12/20/09

Celebrating Christmas With The Holiday Feast

The holiday feast of winter solstice dates back roughly three centuries preceding Christ. In celebration of the harvest, people ate whatever was in abundance, while also taking a moment to pray to the gods for a good season coming up.

While we may not eat the same things, the communal meal on Christmas is still a focal point of our festive gatherings and one that borrows from many other cultural traditions.

Colonial America had a different sort of Christmas day meal. Culinary historians say the holiday feasts of 1769 included eggnog, Virginia ham, biscuits, corn pudding, chicken and oyster pie, pumpkin chips, cucumber pickles, mincemeat pie, Filbert pudding, honey flummery, plum pudding, coffee and walnuts.

In Williamsburg, feasters also ate cheese wafers, chilled crab gumbo, mushroom dressing, turkey, celery with pecans, ambrosia and drank wassail. In Mount Vernon, onion soups, half-shell oysters, broiled salt roe herring, boiled rockfish and baked acorn squash were readily available.

On the side, they had candied sweet potatoes, spiced peaches, Port wine, cranberries, cherry pie, apple pie, plums in wine jelly, roast turkey and hominy pudding too. Each table showcased a bountiful harvest from all the hard work America's earliest pioneers underwent.

The holiday feast just wouldn't be complete without Christmas candy!
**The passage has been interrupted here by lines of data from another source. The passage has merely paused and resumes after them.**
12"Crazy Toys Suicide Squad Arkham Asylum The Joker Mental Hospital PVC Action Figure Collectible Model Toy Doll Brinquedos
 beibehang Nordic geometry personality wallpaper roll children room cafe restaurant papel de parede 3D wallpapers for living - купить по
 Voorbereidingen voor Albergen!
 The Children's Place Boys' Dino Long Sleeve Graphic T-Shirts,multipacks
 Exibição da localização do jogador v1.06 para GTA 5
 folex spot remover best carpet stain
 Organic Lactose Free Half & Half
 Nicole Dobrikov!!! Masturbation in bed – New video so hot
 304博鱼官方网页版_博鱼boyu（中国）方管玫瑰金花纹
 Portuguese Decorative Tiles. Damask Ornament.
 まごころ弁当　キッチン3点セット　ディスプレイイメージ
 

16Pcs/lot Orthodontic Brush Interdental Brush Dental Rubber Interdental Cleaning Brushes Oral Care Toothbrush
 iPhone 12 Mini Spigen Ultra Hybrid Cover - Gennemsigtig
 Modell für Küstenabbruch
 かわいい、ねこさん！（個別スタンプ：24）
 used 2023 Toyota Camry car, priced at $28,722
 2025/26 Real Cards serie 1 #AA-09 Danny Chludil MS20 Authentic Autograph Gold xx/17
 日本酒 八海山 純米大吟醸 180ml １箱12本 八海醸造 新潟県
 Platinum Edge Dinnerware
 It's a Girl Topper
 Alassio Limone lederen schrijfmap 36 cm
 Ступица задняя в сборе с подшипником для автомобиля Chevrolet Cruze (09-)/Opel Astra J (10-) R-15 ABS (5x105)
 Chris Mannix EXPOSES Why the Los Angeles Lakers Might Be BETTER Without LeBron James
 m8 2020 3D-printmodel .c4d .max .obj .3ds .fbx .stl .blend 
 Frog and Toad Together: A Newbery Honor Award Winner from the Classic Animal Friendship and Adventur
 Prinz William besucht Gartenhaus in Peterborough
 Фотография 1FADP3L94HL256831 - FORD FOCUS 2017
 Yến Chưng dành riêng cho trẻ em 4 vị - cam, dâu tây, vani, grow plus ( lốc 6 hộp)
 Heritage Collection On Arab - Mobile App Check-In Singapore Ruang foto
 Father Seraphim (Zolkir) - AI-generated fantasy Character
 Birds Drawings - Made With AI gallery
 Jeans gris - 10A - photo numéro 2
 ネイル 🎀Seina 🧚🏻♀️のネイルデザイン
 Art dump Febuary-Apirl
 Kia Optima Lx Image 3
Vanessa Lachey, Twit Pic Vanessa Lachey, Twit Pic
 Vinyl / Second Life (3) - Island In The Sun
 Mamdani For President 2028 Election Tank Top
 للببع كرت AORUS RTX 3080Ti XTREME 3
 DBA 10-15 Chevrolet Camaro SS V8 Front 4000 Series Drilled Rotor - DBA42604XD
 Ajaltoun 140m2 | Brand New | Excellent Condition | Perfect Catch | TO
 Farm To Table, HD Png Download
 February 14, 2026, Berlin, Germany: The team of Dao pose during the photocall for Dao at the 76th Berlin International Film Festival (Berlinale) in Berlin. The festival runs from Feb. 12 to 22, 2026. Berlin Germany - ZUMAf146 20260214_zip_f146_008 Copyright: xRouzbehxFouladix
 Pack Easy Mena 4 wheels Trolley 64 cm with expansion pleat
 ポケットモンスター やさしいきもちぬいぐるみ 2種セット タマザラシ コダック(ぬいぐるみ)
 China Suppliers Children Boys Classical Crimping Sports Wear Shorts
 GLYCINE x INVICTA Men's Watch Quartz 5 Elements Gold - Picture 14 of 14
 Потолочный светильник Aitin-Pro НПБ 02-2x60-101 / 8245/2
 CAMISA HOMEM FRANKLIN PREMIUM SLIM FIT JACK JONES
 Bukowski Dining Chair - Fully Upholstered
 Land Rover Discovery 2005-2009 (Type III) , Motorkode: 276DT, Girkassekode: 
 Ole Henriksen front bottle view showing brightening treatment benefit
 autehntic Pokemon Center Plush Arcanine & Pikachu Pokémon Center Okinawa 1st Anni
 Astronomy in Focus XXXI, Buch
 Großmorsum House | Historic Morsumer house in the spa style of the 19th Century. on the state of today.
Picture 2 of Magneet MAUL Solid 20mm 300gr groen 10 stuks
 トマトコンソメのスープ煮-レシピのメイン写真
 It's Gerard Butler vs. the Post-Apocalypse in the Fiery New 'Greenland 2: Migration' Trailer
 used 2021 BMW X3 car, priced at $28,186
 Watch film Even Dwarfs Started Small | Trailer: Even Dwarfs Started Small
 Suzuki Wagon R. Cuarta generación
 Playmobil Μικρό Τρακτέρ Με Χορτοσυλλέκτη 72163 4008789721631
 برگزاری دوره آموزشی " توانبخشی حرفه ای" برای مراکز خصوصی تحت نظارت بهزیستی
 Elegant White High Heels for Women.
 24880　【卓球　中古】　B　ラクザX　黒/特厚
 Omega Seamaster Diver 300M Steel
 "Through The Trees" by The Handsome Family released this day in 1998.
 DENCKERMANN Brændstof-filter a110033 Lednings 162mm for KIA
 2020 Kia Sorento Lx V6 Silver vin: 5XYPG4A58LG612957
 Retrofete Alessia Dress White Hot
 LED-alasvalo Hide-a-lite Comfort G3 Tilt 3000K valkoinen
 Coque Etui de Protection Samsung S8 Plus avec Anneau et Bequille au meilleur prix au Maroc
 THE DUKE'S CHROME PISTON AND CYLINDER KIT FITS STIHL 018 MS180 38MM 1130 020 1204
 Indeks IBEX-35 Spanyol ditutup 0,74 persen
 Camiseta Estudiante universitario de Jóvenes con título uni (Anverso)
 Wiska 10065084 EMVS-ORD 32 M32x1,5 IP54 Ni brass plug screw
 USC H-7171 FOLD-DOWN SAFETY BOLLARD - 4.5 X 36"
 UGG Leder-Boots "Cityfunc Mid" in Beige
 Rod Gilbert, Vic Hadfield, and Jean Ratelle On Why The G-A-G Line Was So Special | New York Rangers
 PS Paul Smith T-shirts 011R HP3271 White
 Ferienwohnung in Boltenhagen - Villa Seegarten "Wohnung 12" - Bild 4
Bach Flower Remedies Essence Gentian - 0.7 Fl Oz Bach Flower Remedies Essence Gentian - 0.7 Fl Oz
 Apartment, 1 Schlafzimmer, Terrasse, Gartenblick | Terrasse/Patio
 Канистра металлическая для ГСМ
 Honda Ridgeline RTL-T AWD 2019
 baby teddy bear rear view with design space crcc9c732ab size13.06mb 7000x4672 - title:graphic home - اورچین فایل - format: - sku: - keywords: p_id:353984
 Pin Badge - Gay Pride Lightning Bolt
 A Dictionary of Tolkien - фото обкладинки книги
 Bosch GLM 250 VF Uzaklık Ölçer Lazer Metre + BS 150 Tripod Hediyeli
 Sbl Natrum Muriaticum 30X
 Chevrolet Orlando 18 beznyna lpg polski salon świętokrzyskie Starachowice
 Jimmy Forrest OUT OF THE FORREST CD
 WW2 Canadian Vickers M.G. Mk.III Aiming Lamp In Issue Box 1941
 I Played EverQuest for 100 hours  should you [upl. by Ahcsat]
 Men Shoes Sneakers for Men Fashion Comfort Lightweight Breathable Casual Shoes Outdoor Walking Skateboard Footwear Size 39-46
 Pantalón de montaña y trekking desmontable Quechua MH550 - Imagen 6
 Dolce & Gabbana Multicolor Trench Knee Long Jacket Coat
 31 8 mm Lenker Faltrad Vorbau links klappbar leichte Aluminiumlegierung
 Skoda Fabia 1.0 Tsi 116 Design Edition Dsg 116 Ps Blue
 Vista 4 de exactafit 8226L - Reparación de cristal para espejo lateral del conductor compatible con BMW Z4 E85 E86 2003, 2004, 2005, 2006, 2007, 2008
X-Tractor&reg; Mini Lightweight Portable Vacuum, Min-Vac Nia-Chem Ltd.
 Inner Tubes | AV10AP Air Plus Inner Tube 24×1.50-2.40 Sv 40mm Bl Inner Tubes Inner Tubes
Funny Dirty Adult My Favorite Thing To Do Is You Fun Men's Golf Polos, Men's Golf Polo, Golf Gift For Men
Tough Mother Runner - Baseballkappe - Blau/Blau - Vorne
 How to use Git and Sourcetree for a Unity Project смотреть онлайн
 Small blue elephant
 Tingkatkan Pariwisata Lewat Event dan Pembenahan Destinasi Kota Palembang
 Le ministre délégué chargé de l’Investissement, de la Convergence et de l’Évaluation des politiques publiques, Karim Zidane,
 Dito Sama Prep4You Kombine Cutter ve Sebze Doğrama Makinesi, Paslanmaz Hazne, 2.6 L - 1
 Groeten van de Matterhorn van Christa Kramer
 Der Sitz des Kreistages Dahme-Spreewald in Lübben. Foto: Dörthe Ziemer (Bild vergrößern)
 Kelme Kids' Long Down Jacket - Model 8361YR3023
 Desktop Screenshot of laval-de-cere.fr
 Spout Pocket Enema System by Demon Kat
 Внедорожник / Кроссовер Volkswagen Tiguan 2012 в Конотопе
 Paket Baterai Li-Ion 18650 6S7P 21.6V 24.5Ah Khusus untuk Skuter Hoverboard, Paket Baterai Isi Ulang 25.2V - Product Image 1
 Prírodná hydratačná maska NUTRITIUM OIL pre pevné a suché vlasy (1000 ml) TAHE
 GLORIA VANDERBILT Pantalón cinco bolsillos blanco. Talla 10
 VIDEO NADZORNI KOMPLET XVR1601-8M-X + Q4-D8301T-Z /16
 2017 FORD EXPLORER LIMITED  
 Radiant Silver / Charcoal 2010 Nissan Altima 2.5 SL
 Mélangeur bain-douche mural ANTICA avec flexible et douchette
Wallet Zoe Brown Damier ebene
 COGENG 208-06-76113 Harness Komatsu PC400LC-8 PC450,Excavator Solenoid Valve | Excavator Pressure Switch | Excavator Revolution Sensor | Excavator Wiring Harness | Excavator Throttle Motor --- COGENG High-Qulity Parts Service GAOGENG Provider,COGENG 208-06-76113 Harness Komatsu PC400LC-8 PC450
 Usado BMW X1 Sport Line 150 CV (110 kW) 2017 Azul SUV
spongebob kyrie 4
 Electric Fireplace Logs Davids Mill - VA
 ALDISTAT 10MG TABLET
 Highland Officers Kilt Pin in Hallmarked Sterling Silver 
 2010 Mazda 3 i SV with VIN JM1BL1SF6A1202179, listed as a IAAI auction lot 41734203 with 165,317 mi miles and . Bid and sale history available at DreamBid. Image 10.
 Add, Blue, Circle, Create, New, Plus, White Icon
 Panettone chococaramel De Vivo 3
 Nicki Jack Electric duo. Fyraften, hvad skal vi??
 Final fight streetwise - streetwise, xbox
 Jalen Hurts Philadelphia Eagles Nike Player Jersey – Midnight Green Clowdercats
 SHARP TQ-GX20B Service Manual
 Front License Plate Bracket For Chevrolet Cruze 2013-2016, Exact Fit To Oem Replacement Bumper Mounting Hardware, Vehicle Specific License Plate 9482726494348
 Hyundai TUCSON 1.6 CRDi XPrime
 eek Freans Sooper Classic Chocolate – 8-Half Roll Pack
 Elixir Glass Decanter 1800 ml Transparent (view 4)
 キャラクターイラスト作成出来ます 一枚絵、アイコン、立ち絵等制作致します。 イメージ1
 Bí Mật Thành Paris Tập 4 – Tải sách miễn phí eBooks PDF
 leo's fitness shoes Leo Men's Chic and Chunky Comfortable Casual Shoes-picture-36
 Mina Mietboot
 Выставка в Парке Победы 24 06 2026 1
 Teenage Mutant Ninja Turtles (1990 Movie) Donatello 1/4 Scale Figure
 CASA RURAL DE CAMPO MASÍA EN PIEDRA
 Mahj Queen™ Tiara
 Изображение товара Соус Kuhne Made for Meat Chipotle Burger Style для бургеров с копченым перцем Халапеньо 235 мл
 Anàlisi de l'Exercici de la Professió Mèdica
While today chocolate and candy are associated with everything from Christmas to Halloween, to Valentine's Day to Easter, these treats were reserved only for holiday season treats for the wealthy because sugar was very expensive.

The candy canes we so commonly chomp on today were originally manufactured as lozenges, and as medicine to treat coughs, colds and infections. Today, down the aisles of supermarkets, there are Christmas-themed chocolates, Peeps, M&Ms, Snickers bars, foil wrapped Santas, suckers and candies of all types marketed as Christmas gifts.